Türkiye’de sigortacılığın gelişmesinde önemli rol oynayan zorunlu sigortalar yüksek hacimleri sayesinde risk maliyetinin düşürülmesine önemli bir katkı sağlıyor. Sigorta pazarının büyümesini de tetikleyen zorunlu sigortaların diğer bir özelliği ise tüm taraflara Triple Win (üçlü bir galibiyet) sunması. Yani zorunlu sigortalardan hem Devlet, hem sigorta yaptıran, hem zarar gören üçüncü kişiler hem de sigorta şirketleri kazanıyor.
Dünyada ve Türkiye’de sigorta sektörünün gelişiminde rol oynayan en önemli ürünlerin başında zorunlu sigortalar geliyor. Zorunlu sigorta dendiği zaman herkesin aklına ilk olarak DASK ve Zorunlu Trafik Sigortası gelse de ülkemizde yaklaşık 18 alanda zorunlu sigorta ürünü var. Avrupa ülkelerinde olduğu gibi ülkemizde de sigortacılık pazarının gelişmesi için geliştirilen ve önemli bir katkı sunan zorunlu sigortalar sadece sigorta şirketlerine değil aynı zamanda devlete ve sigortalıya da önemli katkılar sunuyor. Kamu yararı açısından ve büyük çaplı risklere karşı zorunlu sigorta uygulamasının doğru olduğunu belirten Sigorta Tatbikatçılar Derneği (STD) Yönetim Kurulu Başkanı Fahri Altıngöz, “Zorunlu sigortadan Devlet, sigorta yaptıranlar, zarar gören üçüncü kişiler ve sigortacılar da yarar sağlıyor. Bu sebeple zorunlu sigortada en az triple win (win-win-win) söz konusu” dedi.

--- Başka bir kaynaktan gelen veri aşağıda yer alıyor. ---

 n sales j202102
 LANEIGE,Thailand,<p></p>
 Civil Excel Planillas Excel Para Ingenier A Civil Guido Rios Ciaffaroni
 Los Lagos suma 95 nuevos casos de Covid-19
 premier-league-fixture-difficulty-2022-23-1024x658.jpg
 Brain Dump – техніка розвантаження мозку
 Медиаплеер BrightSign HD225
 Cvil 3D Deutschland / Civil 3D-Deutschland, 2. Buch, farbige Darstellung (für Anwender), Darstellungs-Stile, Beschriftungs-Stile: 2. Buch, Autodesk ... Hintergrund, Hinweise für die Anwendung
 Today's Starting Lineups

“Ülkemizde ve Dünyada Zorunlu Sigorta Uygulamaları” konusu sektörün YouTube Kanalı Sigorta Ekranı’nda ele alındı. Programa Sigorta Tatbikatçılar Derneği (STD) Yönetim Kurulu Başkanı Fahri Altıngöz konuk oldu. Altıngöz, programda Sigortamedya Genel Yayın Yönetmeni Can Kantar’ın Türkiye’deki ve dünyadaki zorunlu sigorta uygulamaları, Çatı Kanun ve pazarı büyütmek için neler yapılması gerektiği konusundaki sorularını yanıtladı.
Zorunlu sigortalar risk maliyetlerini de düşürüyor
Zorunlu sigortaların yarattığı yüksek hacim sayesinde risk maliyetinin düşürülmesine katkı sağladığına dikkat çeken Altıngöz, bu durumun sigorta piyasalarının büyümesini de desteklediğini söyledi. Altıngöz, şöyle devam etti: “Zarar gören zararını zorunlu sigortadan (mesela bir zorunlu sorumluluk sigortacısından) talep edebiliyor. Sorumlu sigorta ettiren ise sigorta sayesinde sorumluluktan kurtuluyor. Sigortacı da sigorta ürününü satıyor. Öte yandan Devletin (mesela afet mevzuatı uyarınca) karşılaması söz konusu olan zararlar da zorunlu sigorta sayesinde sigortacılar tarafından üstleniliyor. Bu durumda her taraf kazançlı çıkmış oluyor.”
Zorunlu sigortalar dışındaki sigortalar serbest tarife ile gelişmeli
Programda zorunlu sigortaların çok hassas bir konu olduğuna da vurgu yapan Altıngöz, şöyle devam etti: “Sektör olarak zorunlu sigortaları çok detaylı bir şekilde ele almamız gerekiyor. Zorunlu sigorta uygulamalarında temel amaç büyük finansal yıkıma uğratabilecek durumlara karşı kamu kaynaklarını kullanmaksızın koruma sağlayabilmektir. Kamu yararı açısından ve büyük çaplı risklere karşı zorunlu sigorta uygulaması doğrudur. İlkesel olarak serbest piyasa ekonomisinde bu zorunlu sigortaların ihdası sadece bu alanlar için olmalıdır. Bunun dışındaki sigortaların serbest tarife uygulamasında gelişmesi doğrudur.”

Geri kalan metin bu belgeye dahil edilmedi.